Uiteraard, benadrukken Pinker en Rosling, zijn niet alle problemen opgelost. Maar net het feit dat we erin geslaagd zijn problemen op te lossen die we voor het grootste deel van onze geschiedenis als inherent aan het menselijk bestaan beschouwden, geeft moed en vertrouwen. Vanzelf zullen de dingen niet beter worden, maar we kunnen ze wel beter maken. Rosling noemt dat possibilisme.
 
De boodschap van auteurs als Pinker en Rosling is belangrijk. De wereld gaat niet reddeloos ten onder, mensen kunnen leren van hun fouten en dat geeft hoop.
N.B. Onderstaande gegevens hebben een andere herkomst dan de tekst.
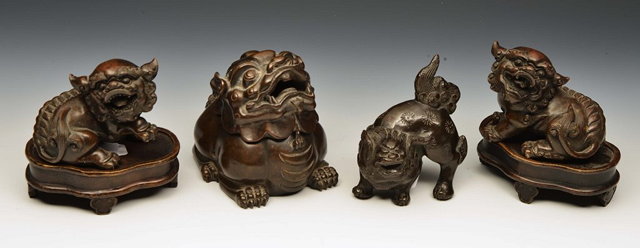 Appraisal: A GROUP OF FOUR CHINESE BRONZE MODELS OF DOGS OF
Ik citeer Rosling: ‘Als mensen ten onrechte geloven dat er niets verbetert, dan concluderen ze misschien dat niets van wat we hebben geprobeerd werkt. En dan verliezen ze hun geloof in maatregelen die echt werken.’
 
In tijden van grote technologische veranderingen krijgt de negativiteit helemaal de bovenhand. Zeker, er is jobonzekerheid in sectoren die dreigen te verdwijnen of die volop automatiseren, er is de klimaatopwarming, er is de vluchtelingenproblematiek. Maar laten we ons optrekken aan de gedachte dat mensen meestal in staat zijn geweest om de problemen die ze zelf hebben veroorzaakt, ook op te lossen.
 
Wat vandaag onmogelijk lijkt, is dat morgen misschien niet meer. De mensheid gaat ontegensprekelijk vooruit, omdat sommigen zich dingen voorstellen die anderen onhaalbaar en utopisch lijken. Het terugbrengen tot onder de 10 procent van het deel van de wereldbevolking dat in extreme armoede leeft, was nog niet zo lang geleden zo’n utopie. Vandaag is die utopie realiteit geworden.
 
De Brusselse filosoof Philippe Van Parijs omschrijft utopieën als ‘voorstellen die, hoewel politiek onrealiseerbaar op korte termijn, de contouren van een wenselijke toekomst beschrijven’. Van Parijs pleit voor ‘realistische utopieën’. Dat zijn utopieën die, op basis van de huidige situatie, kans maken om ooit werkelijkheid te worden ‘Utopieën zijn nodig als we een betere toekomst voor onze stad, ons land, Europa en de wereld willen.’
 
Dus ja, weg met het pessimisme, leve het possibilisme!